Some recent developments in the fast-moving Harman-AIPAC story to update you on…
- Nancy Pelosi told reporters that she was briefed “a few years ago” by the NSA that they had wiretapped Harman, but wasn’t told what was found, and never alerted Harman.
- CQ’s Jeff Stein, who broke the original story Monday, now reports that the NSA wiretapped what appears to be a separate, later conversation between Harman and the “suspected Israeli agent.” In this second conversation, Harman’s interlocutor informed Harman that “Pelosi went ballistic” when a major Democratic fundraiser told Pelosi that unless she made Harman the chair of the Intelligence committee, Pelosi would “get no more contributions from me.” (The fundraiser has since been identified as the California businessman Haim Saban.) The conversation was picked up as part of an investigation into the suspected agent.

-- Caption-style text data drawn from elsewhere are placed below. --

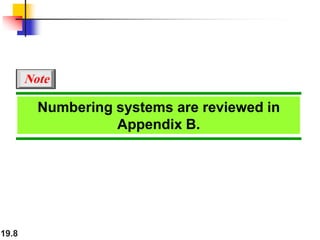 19.8
Numbering systems are reviewed in
Appendix B.
Note
 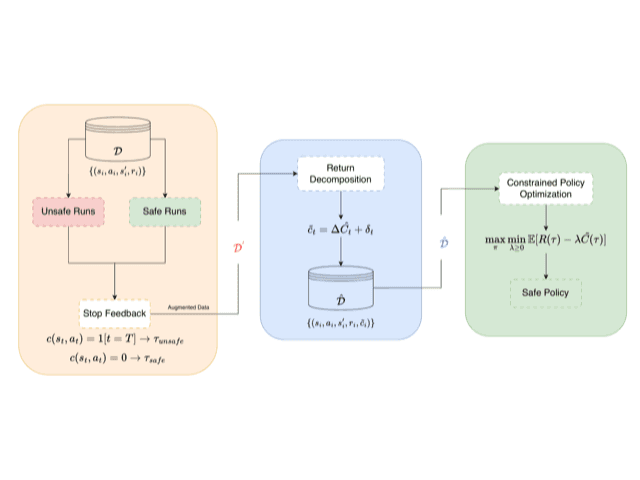 Redistribution-based Cost Inference Improves Sparse Safe Offline RL teaser figure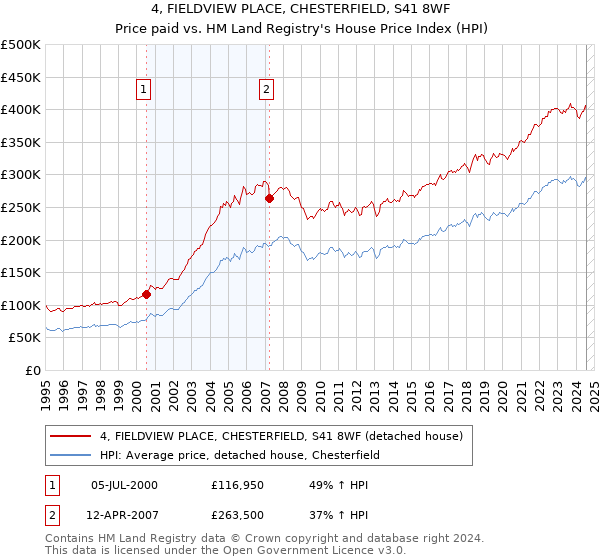 4, FIELDVIEW PLACE, CHESTERFIELD, S41 8WF: Price paid vs HM Land Registry's House Price Index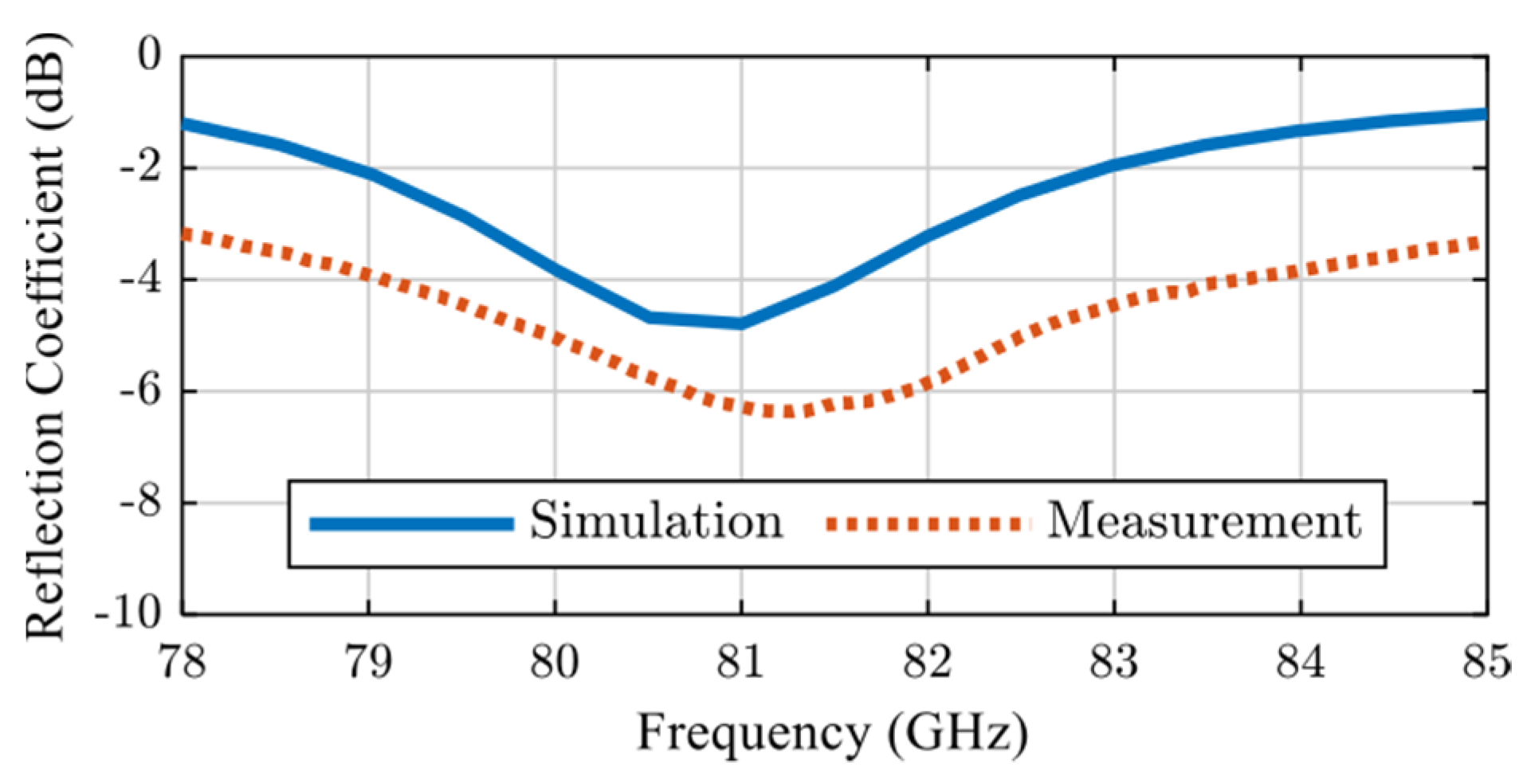 Electronics 12 00632 g012 Electronics 12 00632 g012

- Harman may have damaged herself by giving what seem to be inconsistent statements during yesterday’s media blitz. In several interviews, she gave the clear impression that she didn’t remember the specific conversation being referred to in CQ’s original report. “This is four years ago. I have many conversations every day with advocacy groups,” she told CNN’s Wolf Blitzer, in a typical comment. But in a later interview with NPR, after repeating that stance, Harman declared: “The person I was talking to was an American citizen.” Pressed by her interviewer as to how she could know that, she backtracked slightly: “Well, I know that anyone I would have talked to about, you know, the AIPAC prosecution would have been an American citizen. I didn’t talk to some foreigner about it.”
One outstanding question we’ve been mulling here: CQ’s original report said that Justice Deprtment lawyers reading the transcripts of the wiretapped conversation — in which Harman is said to have agreed to the quid pro quo with AIPAC — concluded that Harman had committed a crime, and moved to open an investigation of her (later, reportedly, quashed by Alberto Gonzales for political reasons).

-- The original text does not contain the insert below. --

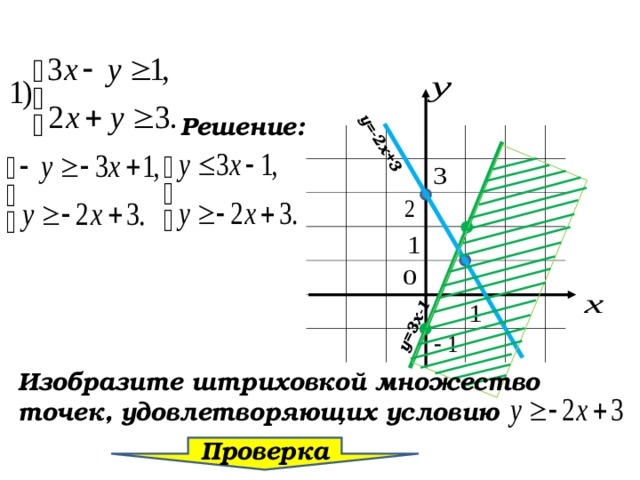  у=-2х+3 у=3х-1 Решение: Изобразите штриховкой множество точек, удовлетворяющих условию Проверка 52 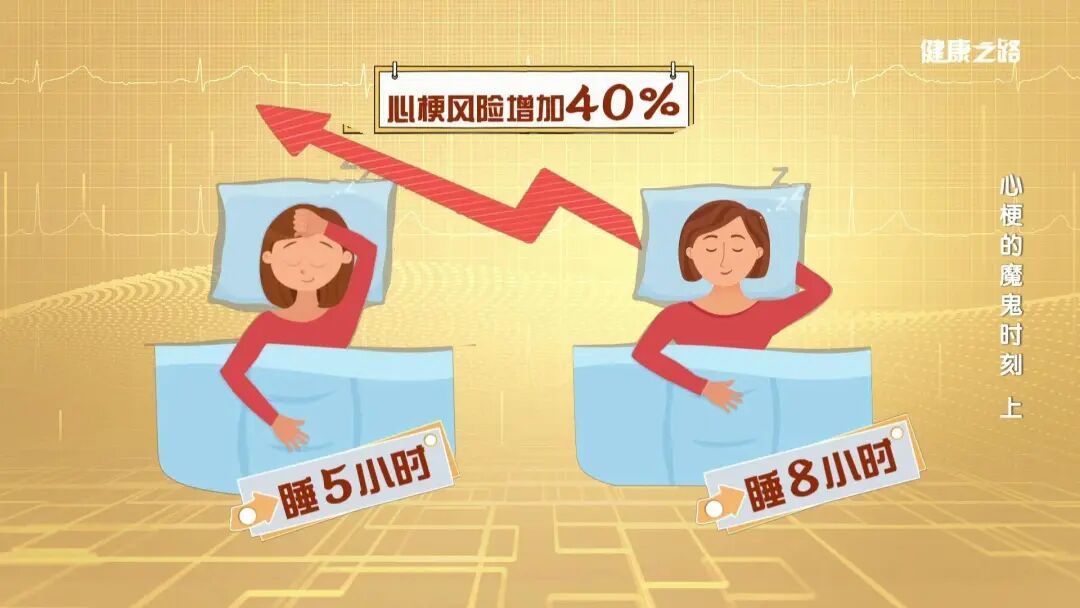 【应急科普】男子高温夜跑后，喝冰饮被送医！紧急提醒→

If the quid pro quo was discussed, it was certainly have been sleazy. But why would it have been a crime? Harman denies doing anything to follow thru on the bargain by intervening in the AIPAC case, and there’s no public evidence that she did intervene. And even if she had, it’s unclear what the crime would have been.
We’ll bring you more on this as we get some clarity…
On hearing the tape, Justice Department lawyers’ felt that they had caught Harman in a “completed crime” that demanded investigation. Stein defined completed crime as a “prima facie case that a crime was committed, in this case, that she did something in exchange for something, in other words, a sort of pay-for-play or influence peddling kind of thing… It looks like, by just merely promising to do that, merely promising to do that, she had committed a crime…. to do a favor in exchange for something of value, which is to say, to get appointed to be the chair of the House intelligence committee.”
In other words, this could potentially have been seen as a classic public corruption case — a public official using his or her influence to obtain a thing of value. The question would be: if there’s no evidence that Harman actually followed through — as opposed to just pledging to do so — would that still constitute a potential crime?